Como parte de la epidemia, los funerales se limitaron o incluso se impidieron. No debemos descuidar la ruptura antropológica que constituye esta negación de un denominador común de la historia humana. Para la humanidad, la muerte siempre ha estado acompañada de rituales, ciertamente muy disímiles en el espacio y en el tiempo, pero unidos en torno a un fundamento común, a saber, el homenaje y el último adiós al cuerpo del difunto, inseparable de la persona cuyo rostro es la manifestación al mundo, su epifanía.

Así, la mutilación de los rituales de muerte y duelo, ligada al miedo irracional a la contaminación, llevó a todos a sufrir una violencia sin precedentes que, en muchos casos, tardará mucho tiempo en curarse. Había una forma de barbarie moderna en esta acción de salud administrada, pues desterraba la vívida experiencia de unirse, respirar y morir, y la sustituía por un tratamiento abstracto que desfiguraba todas las vidas vividas, desgarradas y luego perdidas. El argumento del mal menor revela aquí su aporía, que, de mal menor a mal menor, siempre nos lleva a lo peor: como nos recuerda Hannah Arendt, “quien elige el mal menor olvida muy rápidamente que ha elegido el mal”. 

Sin embargo, si nuestros puntos de referencia éticos pudieron ser barridos tan rápidamente, es porque no estaban suficientemente anclados en nuestra conciencia común; si los protocolos se impusieron con tanta facilidad, fue porque nuestro sentido del cuidado estaba equivocado.

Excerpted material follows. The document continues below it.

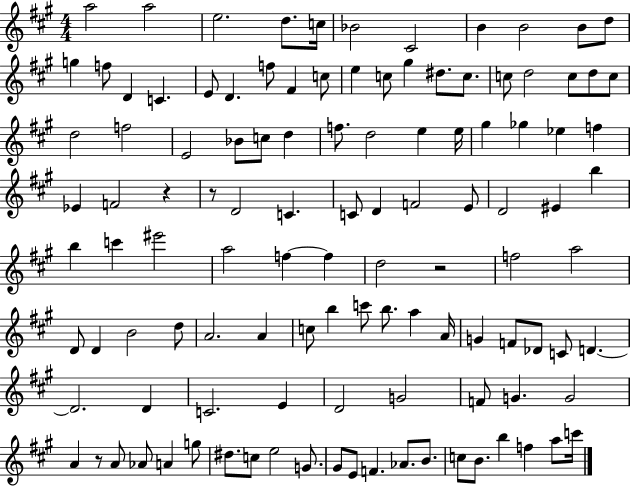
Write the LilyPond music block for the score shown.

Si los difuntos eran tratados con tan poca dignidad, era porque la finitud de nuestra condición se había ido desvaneciendo poco a poco de nuestras sociedades. Los muertos solitarios de la pandemia no podrán dejarnos y solo podremos dejarlos descansar en paz si los llamamos de nuevo a nuestra presencia y desandamos el camino hasta el final con ellos, evitando lo que puede haber erosionado nuestra humanidad. Con esta condición podremos sellar nuestro destino común con una despedida pronunciada, muy diferente de la impuesta por la epidemia, apresurada y mecánica.

Mientras echamos un modesto velo sobre los muertos solitarios, las conciencias burladas, el luto oculto y las vidas laceradas, tenemos el deber de afrontar lo que nos ha herido colectivamente, asumiendo el riesgo de la fraternidad, del acompañamiento hasta el final y de la preocupación por el prójimo, esta resistencia humilde, pero sin embargo insustituible.